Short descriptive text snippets
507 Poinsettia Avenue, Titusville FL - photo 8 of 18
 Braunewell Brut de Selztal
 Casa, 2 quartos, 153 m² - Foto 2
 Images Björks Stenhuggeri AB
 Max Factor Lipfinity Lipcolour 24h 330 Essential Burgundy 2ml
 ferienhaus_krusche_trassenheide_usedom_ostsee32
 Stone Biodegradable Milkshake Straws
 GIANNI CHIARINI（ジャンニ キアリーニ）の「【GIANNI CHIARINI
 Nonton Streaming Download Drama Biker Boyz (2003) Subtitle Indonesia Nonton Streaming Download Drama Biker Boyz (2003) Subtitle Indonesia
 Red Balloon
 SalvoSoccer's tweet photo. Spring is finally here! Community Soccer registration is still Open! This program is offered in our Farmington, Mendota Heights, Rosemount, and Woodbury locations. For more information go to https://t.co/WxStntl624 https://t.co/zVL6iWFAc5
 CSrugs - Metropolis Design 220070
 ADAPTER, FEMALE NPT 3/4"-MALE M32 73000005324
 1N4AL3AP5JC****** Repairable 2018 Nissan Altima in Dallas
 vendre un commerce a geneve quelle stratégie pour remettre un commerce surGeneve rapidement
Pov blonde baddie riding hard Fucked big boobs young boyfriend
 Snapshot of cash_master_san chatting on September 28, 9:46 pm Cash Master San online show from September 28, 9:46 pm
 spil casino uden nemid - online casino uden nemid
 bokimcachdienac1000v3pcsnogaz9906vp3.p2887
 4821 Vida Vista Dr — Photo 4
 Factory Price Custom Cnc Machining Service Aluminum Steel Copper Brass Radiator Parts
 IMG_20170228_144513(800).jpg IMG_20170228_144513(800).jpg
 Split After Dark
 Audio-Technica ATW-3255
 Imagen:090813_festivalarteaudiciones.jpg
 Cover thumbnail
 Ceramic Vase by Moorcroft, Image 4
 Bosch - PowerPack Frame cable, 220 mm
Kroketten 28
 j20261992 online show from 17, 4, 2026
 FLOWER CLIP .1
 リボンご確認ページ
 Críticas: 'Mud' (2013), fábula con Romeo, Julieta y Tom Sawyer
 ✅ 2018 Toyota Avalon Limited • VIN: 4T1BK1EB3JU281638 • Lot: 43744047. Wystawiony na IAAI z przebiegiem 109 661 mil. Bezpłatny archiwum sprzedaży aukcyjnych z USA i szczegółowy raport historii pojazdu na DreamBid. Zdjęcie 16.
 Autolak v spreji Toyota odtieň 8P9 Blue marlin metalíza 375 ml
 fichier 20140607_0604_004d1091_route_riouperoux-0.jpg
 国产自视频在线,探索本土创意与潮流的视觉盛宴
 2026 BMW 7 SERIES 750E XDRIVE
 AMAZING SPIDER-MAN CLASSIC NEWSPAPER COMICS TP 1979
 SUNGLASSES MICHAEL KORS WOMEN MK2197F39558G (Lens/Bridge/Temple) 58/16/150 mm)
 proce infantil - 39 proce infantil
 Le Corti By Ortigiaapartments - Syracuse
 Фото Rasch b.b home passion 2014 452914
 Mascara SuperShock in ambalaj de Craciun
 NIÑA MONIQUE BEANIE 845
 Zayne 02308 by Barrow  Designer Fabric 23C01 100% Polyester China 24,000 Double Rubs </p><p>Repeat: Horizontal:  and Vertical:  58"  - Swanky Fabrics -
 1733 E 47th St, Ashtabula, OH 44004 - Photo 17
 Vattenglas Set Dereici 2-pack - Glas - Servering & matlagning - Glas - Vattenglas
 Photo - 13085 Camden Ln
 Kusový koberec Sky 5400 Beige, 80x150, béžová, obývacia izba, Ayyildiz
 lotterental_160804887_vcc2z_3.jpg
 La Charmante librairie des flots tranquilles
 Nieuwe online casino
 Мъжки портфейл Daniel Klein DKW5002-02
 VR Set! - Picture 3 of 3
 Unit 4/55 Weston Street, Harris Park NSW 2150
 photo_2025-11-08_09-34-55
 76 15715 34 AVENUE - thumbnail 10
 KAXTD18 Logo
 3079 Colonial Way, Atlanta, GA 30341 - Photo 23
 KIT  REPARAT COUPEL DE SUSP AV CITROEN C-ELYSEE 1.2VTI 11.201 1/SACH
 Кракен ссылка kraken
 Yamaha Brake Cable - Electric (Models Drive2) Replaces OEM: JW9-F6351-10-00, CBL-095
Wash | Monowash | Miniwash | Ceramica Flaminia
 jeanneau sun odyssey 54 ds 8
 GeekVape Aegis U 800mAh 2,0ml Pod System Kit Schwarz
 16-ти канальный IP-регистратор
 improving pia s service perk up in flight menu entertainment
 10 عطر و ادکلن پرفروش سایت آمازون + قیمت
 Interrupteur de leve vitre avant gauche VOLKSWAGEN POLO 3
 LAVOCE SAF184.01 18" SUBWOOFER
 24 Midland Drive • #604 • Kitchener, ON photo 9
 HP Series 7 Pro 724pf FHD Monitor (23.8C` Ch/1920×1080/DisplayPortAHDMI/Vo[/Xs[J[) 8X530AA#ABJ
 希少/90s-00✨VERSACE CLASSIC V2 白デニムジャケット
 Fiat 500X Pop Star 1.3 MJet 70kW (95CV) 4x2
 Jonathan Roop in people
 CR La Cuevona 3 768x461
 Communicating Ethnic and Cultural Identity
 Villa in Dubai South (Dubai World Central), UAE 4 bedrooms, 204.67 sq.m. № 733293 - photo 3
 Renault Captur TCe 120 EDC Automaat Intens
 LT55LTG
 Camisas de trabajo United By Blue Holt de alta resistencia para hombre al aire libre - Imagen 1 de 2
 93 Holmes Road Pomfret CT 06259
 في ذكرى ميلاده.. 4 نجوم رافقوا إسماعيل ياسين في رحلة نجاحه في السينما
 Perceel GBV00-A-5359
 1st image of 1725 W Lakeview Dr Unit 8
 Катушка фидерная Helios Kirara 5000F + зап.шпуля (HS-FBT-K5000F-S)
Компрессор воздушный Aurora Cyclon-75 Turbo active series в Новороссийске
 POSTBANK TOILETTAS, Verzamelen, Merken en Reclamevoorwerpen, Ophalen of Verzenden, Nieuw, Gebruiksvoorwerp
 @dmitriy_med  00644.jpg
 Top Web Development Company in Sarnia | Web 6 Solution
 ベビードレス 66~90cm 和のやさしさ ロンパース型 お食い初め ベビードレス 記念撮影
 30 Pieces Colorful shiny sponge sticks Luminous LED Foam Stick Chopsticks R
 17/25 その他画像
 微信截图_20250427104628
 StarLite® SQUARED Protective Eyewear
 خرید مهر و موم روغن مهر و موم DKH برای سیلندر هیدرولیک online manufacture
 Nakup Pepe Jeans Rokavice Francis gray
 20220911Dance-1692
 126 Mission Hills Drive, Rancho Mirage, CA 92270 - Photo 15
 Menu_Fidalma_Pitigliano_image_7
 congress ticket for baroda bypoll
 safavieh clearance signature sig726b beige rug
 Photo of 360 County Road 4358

▶ Work required: All entries must be duplicated exactly, with none left out.

▶ Answer space:
507 Poinsettia Avenue, Titusville FL - photo 8 of 18
 Braunewell Brut de Selztal
 Casa, 2 quartos, 153 m² - Foto 2
 Images Björks Stenhuggeri AB
 Max Factor Lipfinity Lipcolour 24h 330 Essential Burgundy 2ml
 ferienhaus_krusche_trassenheide_usedom_ostsee32
 Stone Biodegradable Milkshake Straws
 GIANNI CHIARINI（ジャンニ キアリーニ）の「【GIANNI CHIARINI
 Nonton Streaming Download Drama Biker Boyz (2003) Subtitle Indonesia Nonton Streaming Download Drama Biker Boyz (2003) Subtitle Indonesia
 Red Balloon
 SalvoSoccer's tweet photo. Spring is finally here! Community Soccer registration is still Open! This program is offered in our Farmington, Mendota Heights, Rosemount, and Woodbury locations. For more information go to https://t.co/WxStntl624 https://t.co/zVL6iWFAc5
 CSrugs - Metropolis Design 220070
 ADAPTER, FEMALE NPT 3/4"-MALE M32 73000005324
 1N4AL3AP5JC****** Repairable 2018 Nissan Altima in Dallas
 vendre un commerce a geneve quelle stratégie pour remettre un commerce surGeneve rapidement
Pov blonde baddie riding hard Fucked big boobs young boyfriend
 Snapshot of cash_master_san chatting on September 28, 9:46 pm Cash Master San online show from September 28, 9:46 pm
 spil casino uden nemid - online casino uden nemid
 bokimcachdienac1000v3pcsnogaz9906vp3.p2887
 4821 Vida Vista Dr — Photo 4
 Factory Price Custom Cnc Machining Service Aluminum Steel Copper Brass Radiator Parts
 IMG_20170228_144513(800).jpg IMG_20170228_144513(800).jpg
 Split After Dark
 Audio-Technica ATW-3255
 Imagen:090813_festivalarteaudiciones.jpg
 Cover thumbnail
 Ceramic Vase by Moorcroft, Image 4
 Bosch - PowerPack Frame cable, 220 mm
Kroketten 28
 j20261992 online show from 17, 4, 2026
 FLOWER CLIP .1
 リボンご確認ページ
 Críticas: 'Mud' (2013), fábula con Romeo, Julieta y Tom Sawyer
 ✅ 2018 Toyota Avalon Limited • VIN: 4T1BK1EB3JU281638 • Lot: 43744047. Wystawiony na IAAI z przebiegiem 109 661 mil. Bezpłatny archiwum sprzedaży aukcyjnych z USA i szczegółowy raport historii pojazdu na DreamBid. Zdjęcie 16.
 Autolak v spreji Toyota odtieň 8P9 Blue marlin metalíza 375 ml
 fichier 20140607_0604_004d1091_route_riouperoux-0.jpg
 国产自视频在线,探索本土创意与潮流的视觉盛宴
 2026 BMW 7 SERIES 750E XDRIVE
 AMAZING SPIDER-MAN CLASSIC NEWSPAPER COMICS TP 1979
 SUNGLASSES MICHAEL KORS WOMEN MK2197F39558G (Lens/Bridge/Temple) 58/16/150 mm)
 proce infantil - 39 proce infantil
 Le Corti By Ortigiaapartments - Syracuse
 Фото Rasch b.b home passion 2014 452914
 Mascara SuperShock in ambalaj de Craciun
 NIÑA MONIQUE BEANIE 845
 Zayne 02308 by Barrow  Designer Fabric 23C01 100% Polyester China 24,000 Double Rubs </p><p>Repeat: Horizontal:  and Vertical:  58"  - Swanky Fabrics -
 1733 E 47th St, Ashtabula, OH 44004 - Photo 17
 Vattenglas Set Dereici 2-pack - Glas - Servering & matlagning - Glas - Vattenglas
 Photo - 13085 Camden Ln
 Kusový koberec Sky 5400 Beige, 80x150, béžová, obývacia izba, Ayyildiz
 lotterental_160804887_vcc2z_3.jpg
 La Charmante librairie des flots tranquilles
 Nieuwe online casino
 Мъжки портфейл Daniel Klein DKW5002-02
 VR Set! - Picture 3 of 3
 Unit 4/55 Weston Street, Harris Park NSW 2150
 photo_2025-11-08_09-34-55
 76 15715 34 AVENUE - thumbnail 10
 KAXTD18 Logo
 3079 Colonial Way, Atlanta, GA 30341 - Photo 23
 KIT  REPARAT COUPEL DE SUSP AV CITROEN C-ELYSEE 1.2VTI 11.201 1/SACH
 Кракен ссылка kraken
 Yamaha Brake Cable - Electric (Models Drive2) Replaces OEM: JW9-F6351-10-00, CBL-095
Wash | Monowash | Miniwash | Ceramica Flaminia
 jeanneau sun odyssey 54 ds 8
 GeekVape Aegis U 800mAh 2,0ml Pod System Kit Schwarz
 16-ти канальный IP-регистратор
 improving pia s service perk up in flight menu entertainment
 10 عطر و ادکلن پرفروش سایت آمازون + قیمت
 Interrupteur de leve vitre avant gauche VOLKSWAGEN POLO 3
 LAVOCE SAF184.01 18" SUBWOOFER
 24 Midland Drive • #604 • Kitchener, ON photo 9
 HP Series 7 Pro 724pf FHD Monitor (23.8C` Ch/1920×1080/DisplayPortAHDMI/Vo[/Xs[J[) 8X530AA#ABJ
 希少/90s-00✨VERSACE CLASSIC V2 白デニムジャケット
 Fiat 500X Pop Star 1.3 MJet 70kW (95CV) 4x2
 Jonathan Roop in people
 CR La Cuevona 3 768x461
 Communicating Ethnic and Cultural Identity
 Villa in Dubai South (Dubai World Central), UAE 4 bedrooms, 204.67 sq.m. № 733293 - photo 3
 Renault Captur TCe 120 EDC Automaat Intens
 LT55LTG
 Camisas de trabajo United By Blue Holt de alta resistencia para hombre al aire libre - Imagen 1 de 2
 93 Holmes Road Pomfret CT 06259
 في ذكرى ميلاده.. 4 نجوم رافقوا إسماعيل ياسين في رحلة نجاحه في السينما
 Perceel GBV00-A-5359
 1st image of 1725 W Lakeview Dr Unit 8
 Катушка фидерная Helios Kirara 5000F + зап.шпуля (HS-FBT-K5000F-S)
Компрессор воздушный Aurora Cyclon-75 Turbo active series в Новороссийске
 POSTBANK TOILETTAS, Verzamelen, Merken en Reclamevoorwerpen, Ophalen of Verzenden, Nieuw, Gebruiksvoorwerp
 @dmitriy_med  00644.jpg
 Top Web Development Company in Sarnia | Web 6 Solution
 ベビードレス 66~90cm 和のやさしさ ロンパース型 お食い初め ベビードレス 記念撮影
 30 Pieces Colorful shiny sponge sticks Luminous LED Foam Stick Chopsticks R
 17/25 その他画像
 微信截图_20250427104628
 StarLite® SQUARED Protective Eyewear
 خرید مهر و موم روغن مهر و موم DKH برای سیلندر هیدرولیک online manufacture
 Nakup Pepe Jeans Rokavice Francis gray
 20220911Dance-1692
 126 Mission Hills Drive, Rancho Mirage, CA 92270 - Photo 15
 Menu_Fidalma_Pitigliano_image_7
 congress ticket for baroda bypoll
 safavieh clearance signature sig726b beige rug
 Photo of 360 County Road 4358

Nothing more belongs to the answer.